L27: Summary and Exam Review
The final class before the exam. The prof skipped the wrap-up slides and instead spent the whole session walking through the 2025 exam (and one 2024 question), explaining how each question would be re-formatted for his version of the exam: no R/Python coding, results given as tables, calculations and interpretation only. Bookended by exam logistics and the canonical scope rule. This is the single highest-priority lecture for exam prep.
Key takeaways
The scope rule (verbatim)
“If it was covered either in the slides or in the exercises, then I would say fair game. If it’s only in the book and we didn’t talk about it in class or in the exercises, then it’s not going to be in the test.”
- Exam: May 18, 09:00, 4 hours, open book. Bring ISLP (your own copy or the provided PDF), one A5 sheet of handwritten notes, a calculator. Post-it tabs in the book are fine; don’t write on them.
- No language-specific code. No R/Python package names to memorize. He may ask for pseudocode or math, and he’ll give you the regression output / table / plot instead of making you generate it.
- There will be a question on the bias-variance decomposition. Said multiple times in the course. “If you haven’t learned anything in the course, I recommend reading that part of the book.”
- Format mix: mostly multiple choice + true/false + short interpretation, plus at least one mathy/derivation question, plus data-analysis style questions where output is provided. Probably uses paper-with-PDF (write “Q1: A” on paper); may try Inspera buttons but probably won’t.
- Show your work. Negative scoring not used (“I won’t give negative points”). Partial credit if calculator slip but equation is right. If you think a question is broken or a trick, write that down; you can earn points by flagging it.
- No empty answers. “If you have some idea I’ll probably give you something for something.” But don’t dump “the history of the world.”
Exam logistics
When and where
May 18 at 09:00, 4-hour exam. He emphasized that his exams are usually shorter than 4 hours, but the open-book format makes it harder to keep them short. Historically these exams “were probably designed to run out the clock … such that if you really didn’t know something, you didn’t have time to really learn it.” He’ll try not to do that, but it’s still going to be substantial.
Aids
- The course book (ISLP 2nd ed). Bring your own physical copy or use the PDF provided on the testing computers (“standard PDF … you can search with it”). Post-it tabs marking chapters/sections are allowed; don’t write on the post-its.
- One A5 sheet, handwritten.

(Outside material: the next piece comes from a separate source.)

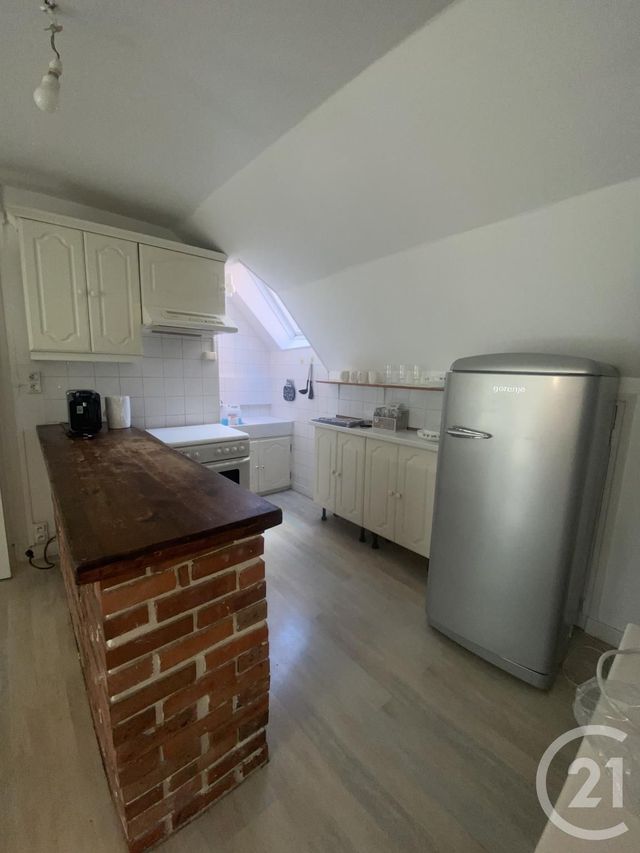 Appartement F3 à louer - 3 pièces - 63.02 m2 - MONTLUCON - 03 - AUVERGNE - Century 21 Pasquet Immobilier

On whether iPad-handwritten then printed counts: “the safest thing is always just write it actually on paper … the ones who decide that are the old people at the testing center.”
- Calculator. “Pretty much any calculator is fine … you won’t need anything fancy.” Bring one: “no one wants to do long division by hand.”
Mechanics
The exam runs through Inspera. The expected workflow: click the question button, the PDF opens with the whole exam, take out paper, write “Question 1: answer”, “Question 2: B”, etc. At the end you hand in the stack of papers to be scanned.
Multiple choice format
“I am tempted to try to use Inspera’s stupid buttons. I probably won’t. In which case you just write on the paper, like ‘Question 1, F. Question 2, B.’”
So expect: write all answers on paper, including MC. Easy to grade either way.
What’s on the curriculum
Lectures + recommended/compulsory exercises + relevant ISLP chapters noted in the slides. “In general, as you probably noticed, the slides and the material largely are mirroring the book, so most everything is in the book.” But the scope rule is the canonical filter (see callout above). Sources of inspiration for questions: exercises (most important), questions asked in class, book end-of-chapter exercises, old exams.
Format mix
“It does test your ability to do data analysis and your theoretical understanding of these different methods and tasks and ideas. And I’ll try to have at least one question that’s more mathy where you should derive something … and then some that are just multiple choice that test the general knowledge.”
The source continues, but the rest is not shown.